▸ **EXERCISE DESCRIPTION**:
Please retype exactly the lines from the one containing "Halogen<sup>®</sup> Colorblock Johnny" through the end of the records, leaving out the pictures.

(Records from a collection)
☆ ☆ ☆
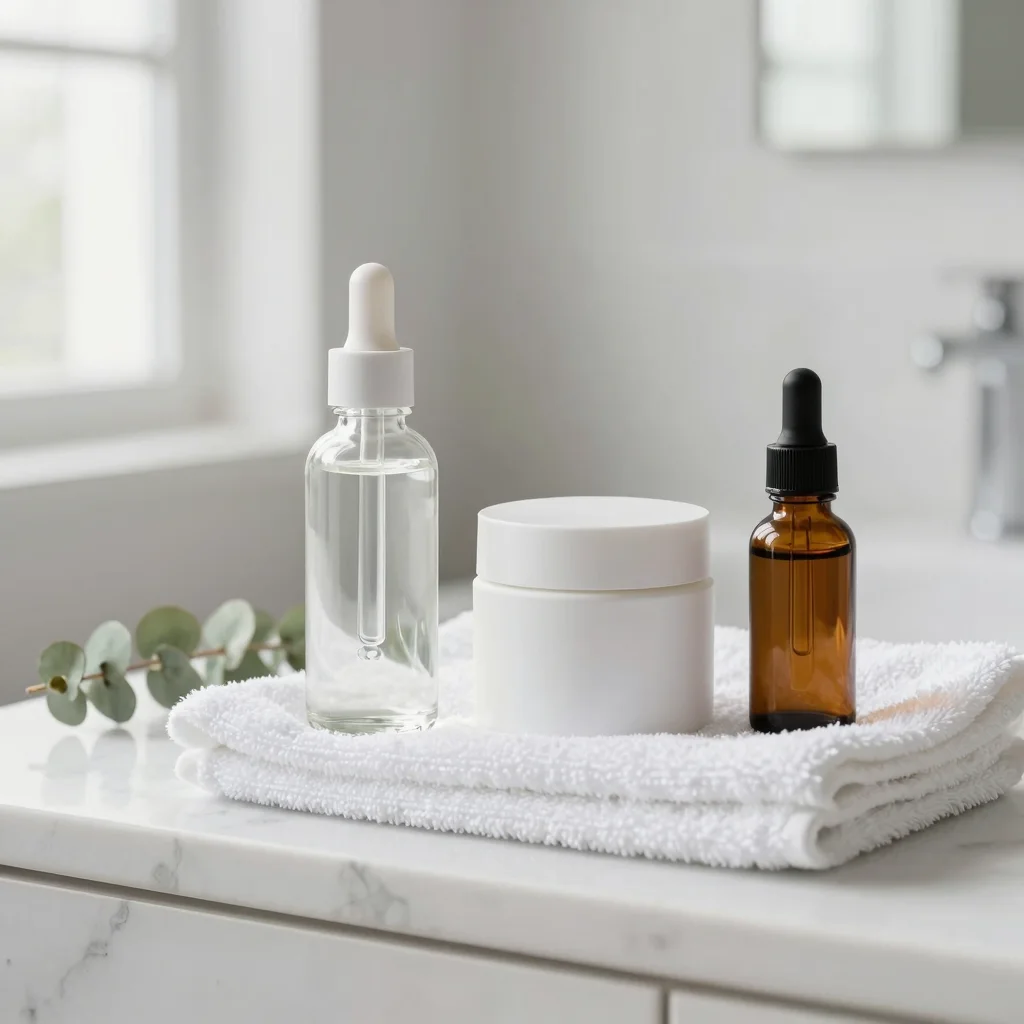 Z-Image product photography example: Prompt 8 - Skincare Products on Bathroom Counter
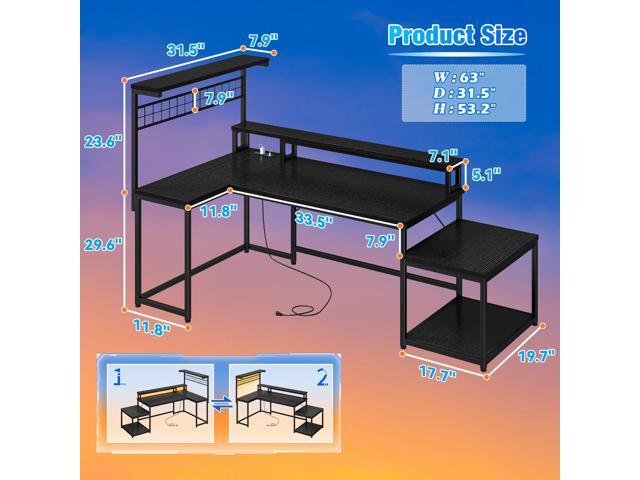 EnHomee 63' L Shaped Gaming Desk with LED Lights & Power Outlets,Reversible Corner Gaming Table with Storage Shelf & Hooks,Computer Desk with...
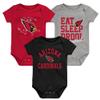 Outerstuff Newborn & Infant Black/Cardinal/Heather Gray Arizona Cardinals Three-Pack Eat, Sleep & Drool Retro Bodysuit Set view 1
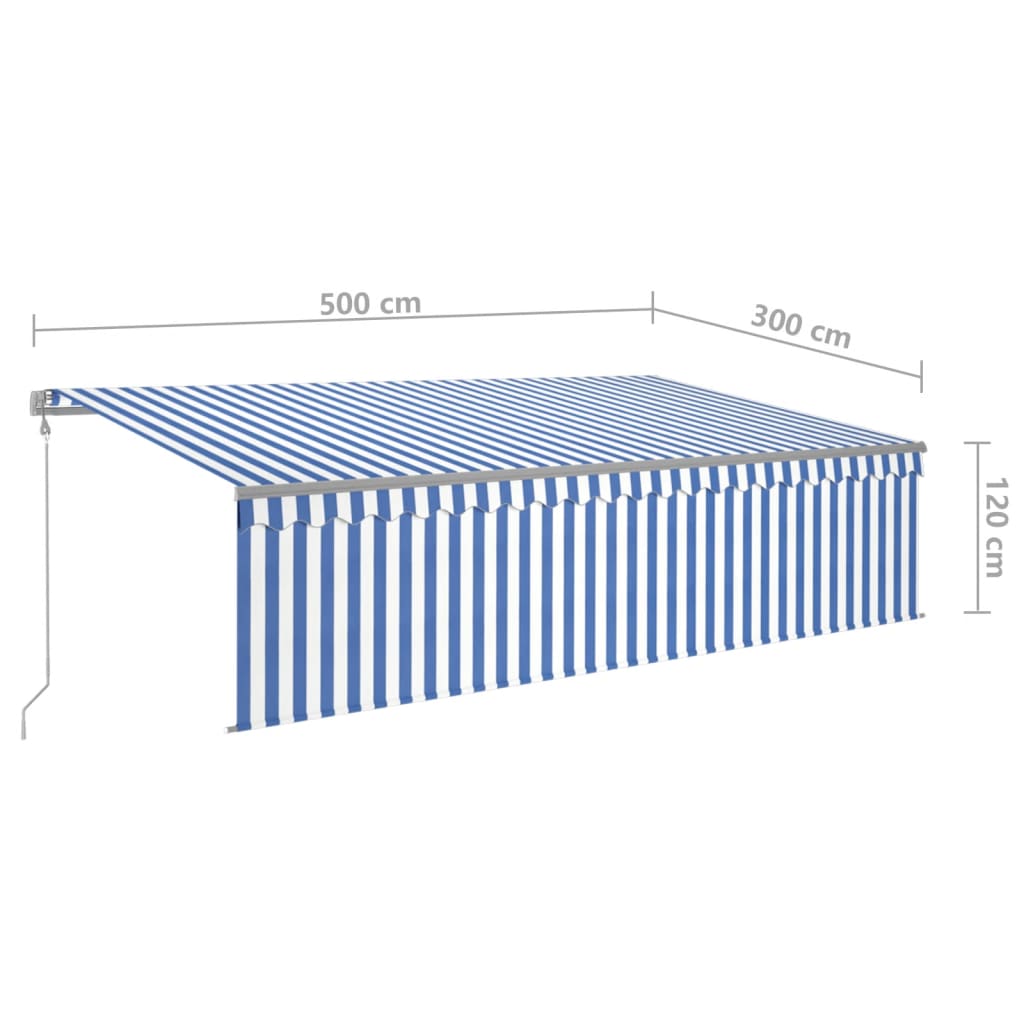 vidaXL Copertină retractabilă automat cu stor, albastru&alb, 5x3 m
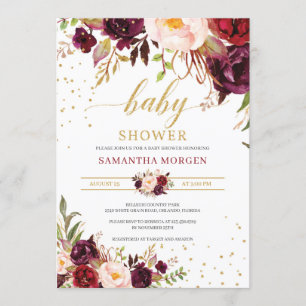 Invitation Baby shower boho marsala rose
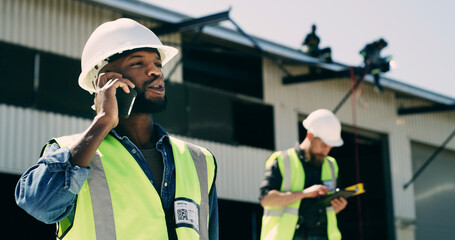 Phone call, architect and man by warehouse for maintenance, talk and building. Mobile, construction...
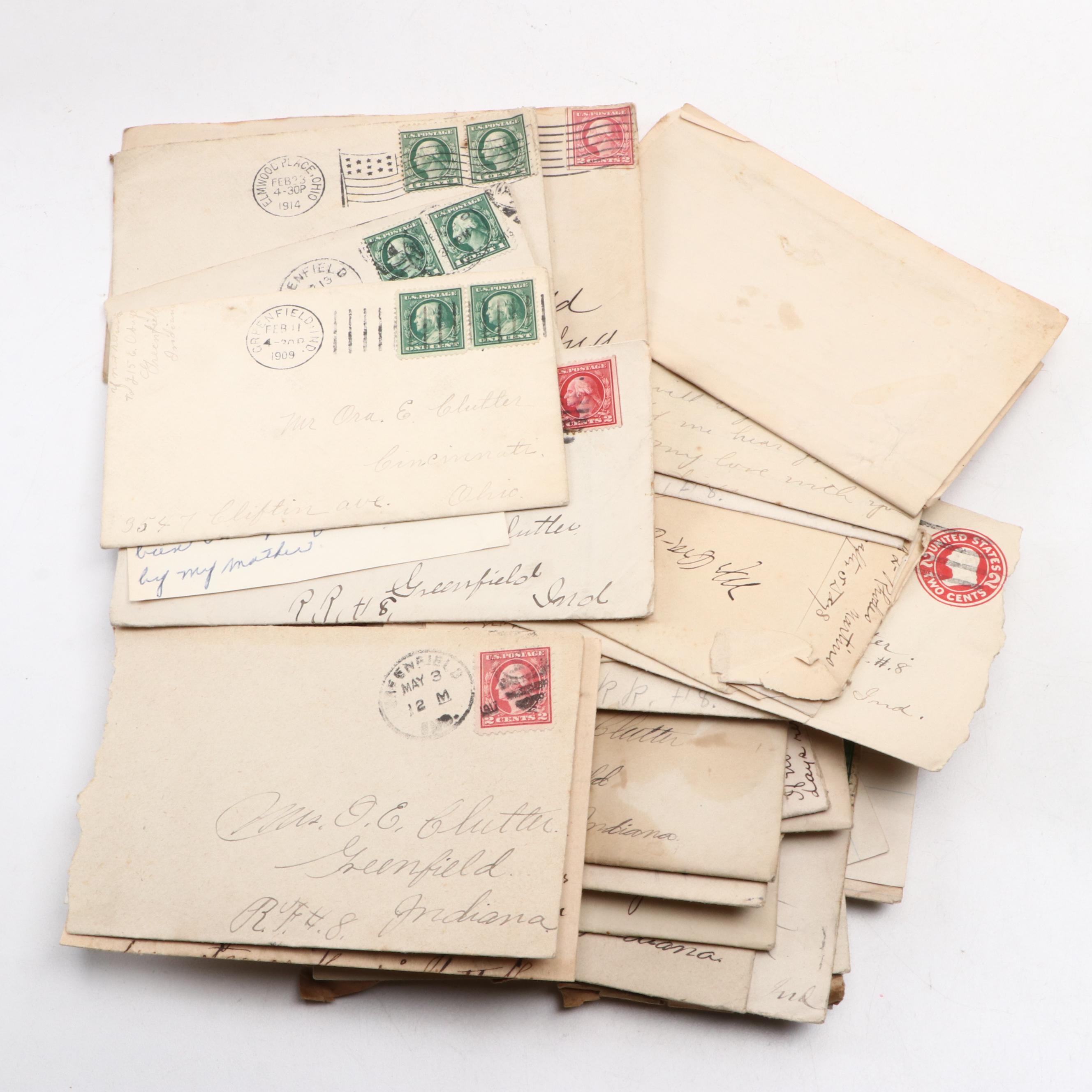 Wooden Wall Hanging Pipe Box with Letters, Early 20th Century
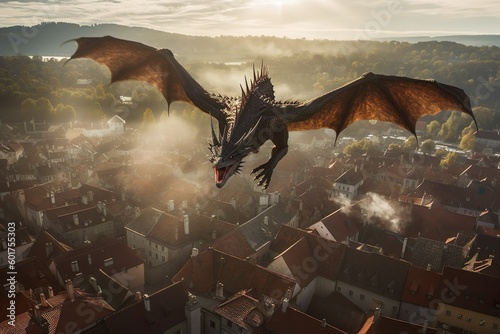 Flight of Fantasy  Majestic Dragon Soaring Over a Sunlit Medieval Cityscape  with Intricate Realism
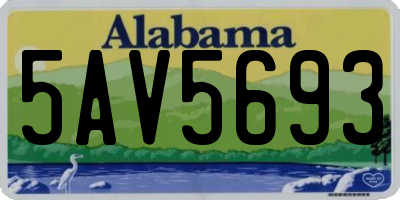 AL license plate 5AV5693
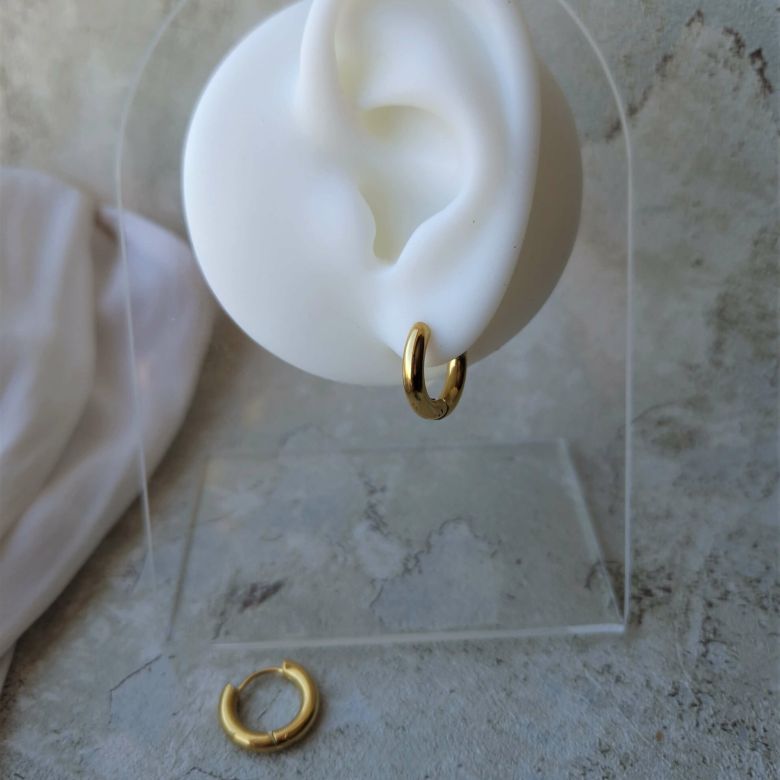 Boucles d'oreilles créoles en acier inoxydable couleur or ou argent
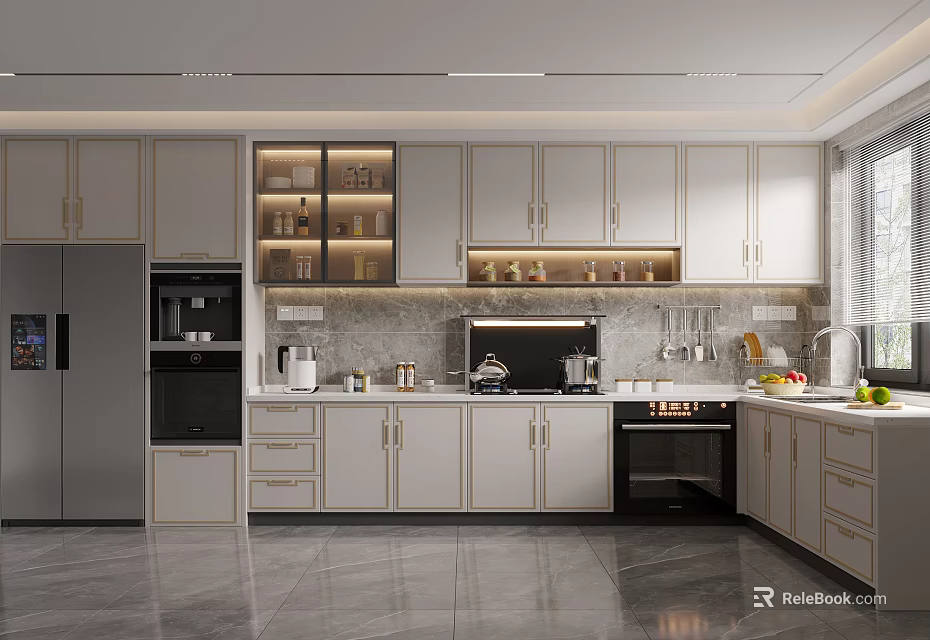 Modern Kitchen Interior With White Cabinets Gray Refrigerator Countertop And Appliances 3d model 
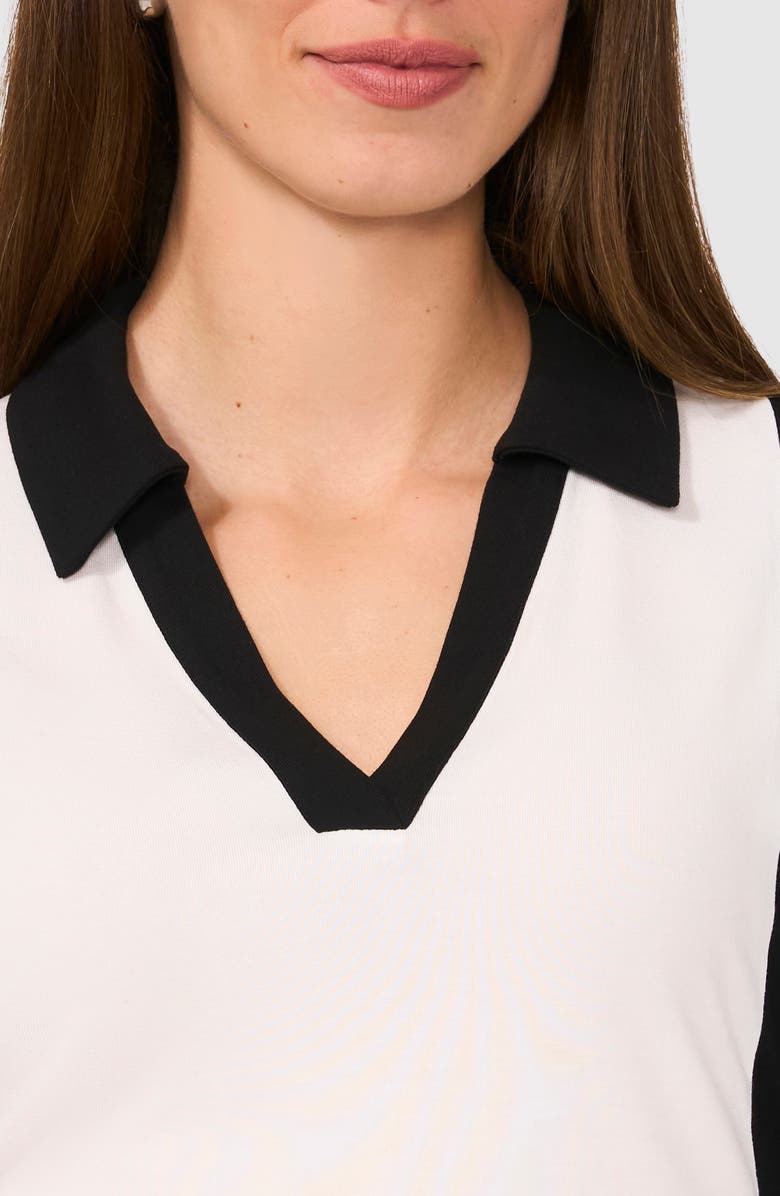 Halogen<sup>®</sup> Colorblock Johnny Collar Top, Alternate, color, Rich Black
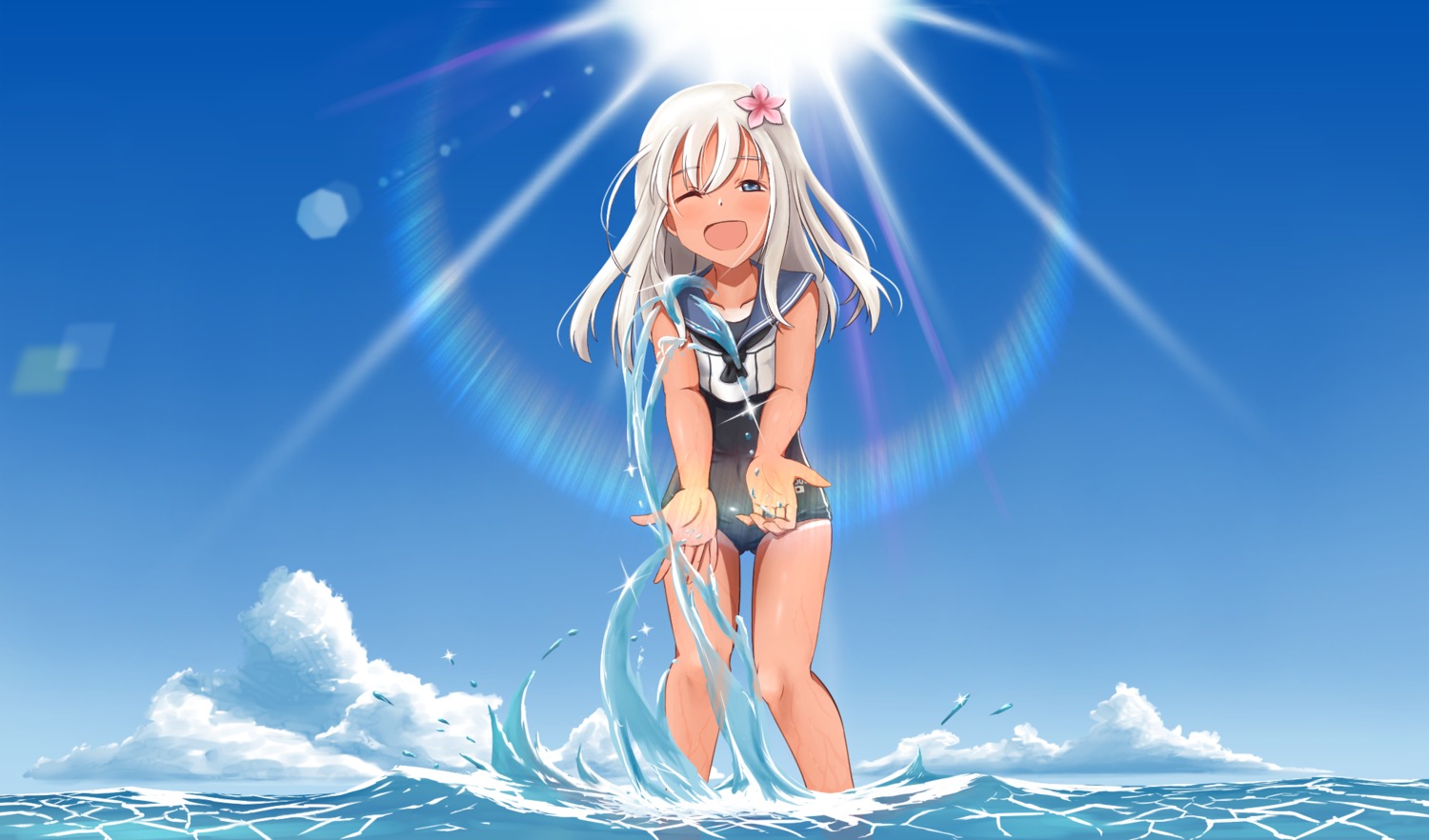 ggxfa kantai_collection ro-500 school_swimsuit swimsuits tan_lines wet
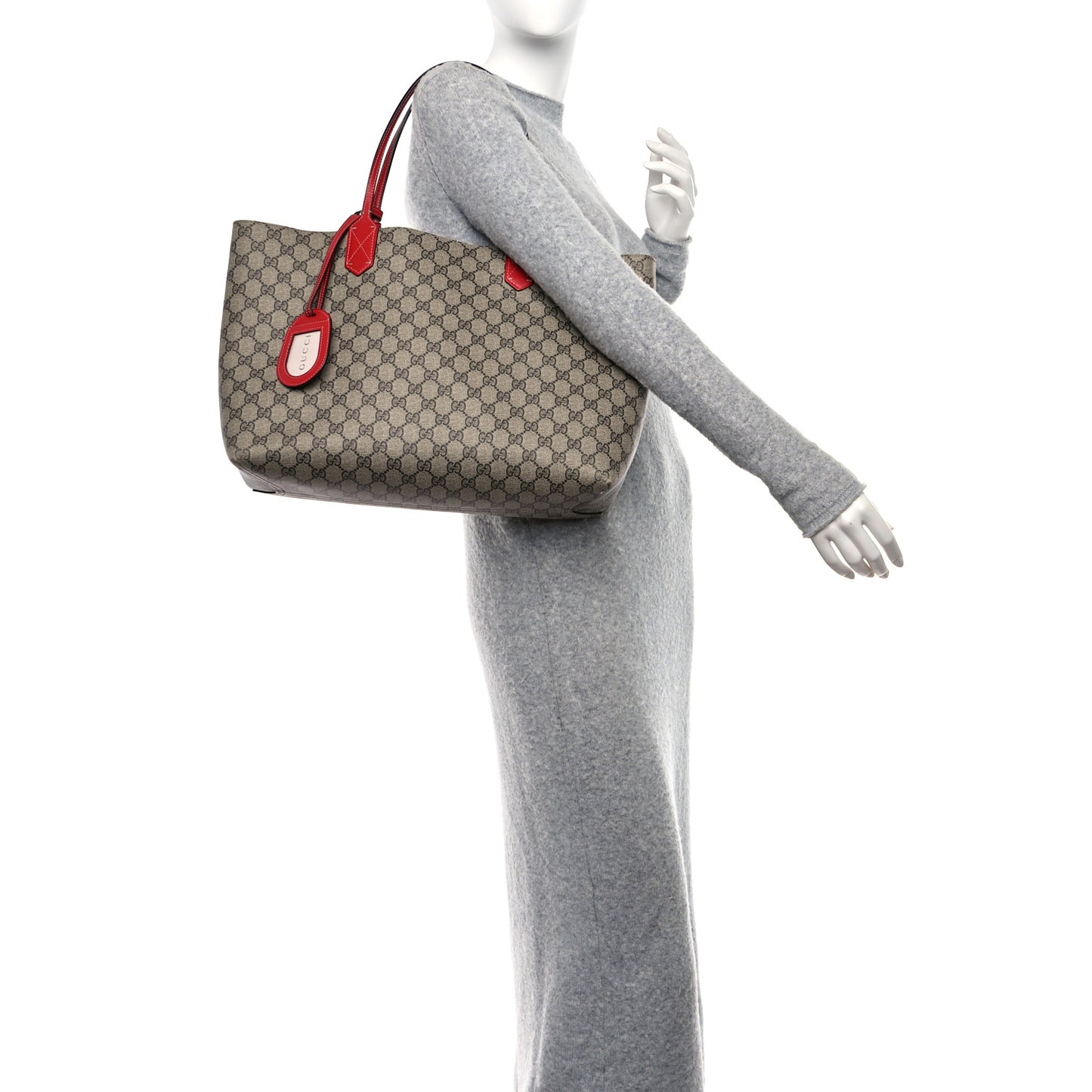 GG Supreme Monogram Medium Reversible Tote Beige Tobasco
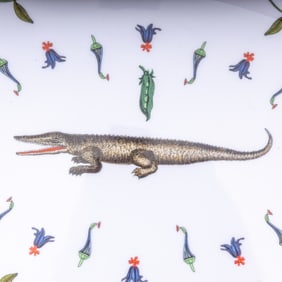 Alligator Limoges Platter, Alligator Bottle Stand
☆ ☆ ☆
▸ **ANSWER TO THE EXERCISE**:
 Halogen<sup>®</sup> Colorblock Johnny Collar Top, Alternate, color, Rich Black
 ggxfa kantai_collection ro-500 school_swimsuit swimsuits tan_lines wet
 GG Supreme Monogram Medium Reversible Tote Beige Tobasco
 Alligator Limoges Platter, Alligator Bottle Stand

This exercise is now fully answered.